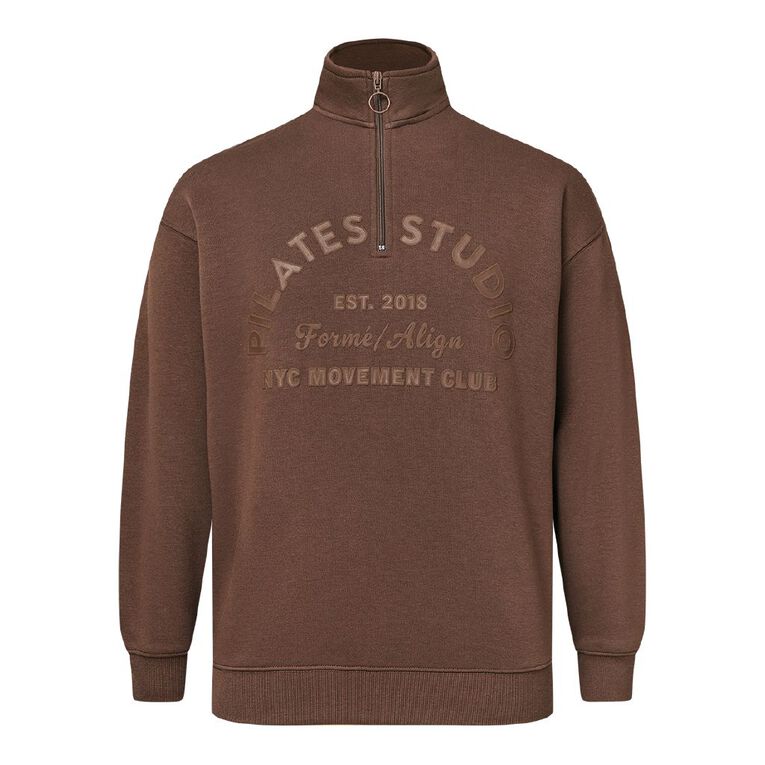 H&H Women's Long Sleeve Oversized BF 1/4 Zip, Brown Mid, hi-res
--
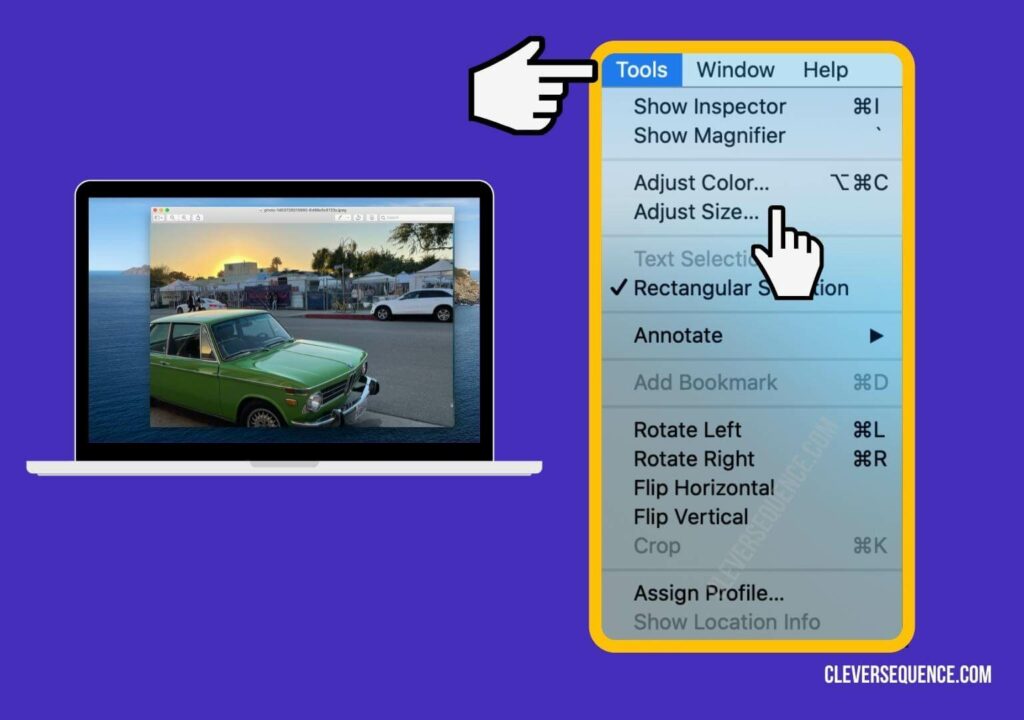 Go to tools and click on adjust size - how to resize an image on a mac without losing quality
---
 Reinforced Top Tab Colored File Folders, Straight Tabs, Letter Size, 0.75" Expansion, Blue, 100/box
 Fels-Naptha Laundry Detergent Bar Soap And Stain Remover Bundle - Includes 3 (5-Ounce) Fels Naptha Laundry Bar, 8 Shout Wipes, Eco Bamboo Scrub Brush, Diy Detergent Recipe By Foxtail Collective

■ HOW TO COMPLETE THIS TASK ■
Of the lines above, extract only those from the line with "Reinforced Top Tab" to the line with "Fels-Naptha Laundry Detergent", both included, exactly as written.

■ WRITTEN ANSWER ■
 Reinforced Top Tab Colored File Folders, Straight Tabs, Letter Size, 0.75" Expansion, Blue, 100/box
 Fels-Naptha Laundry Detergent Bar Soap And Stain Remover Bundle - Includes 3 (5-Ounce) Fels Naptha Laundry Bar, 8 Shout Wipes, Eco Bamboo Scrub Brush, Diy Detergent Recipe By Foxtail Collective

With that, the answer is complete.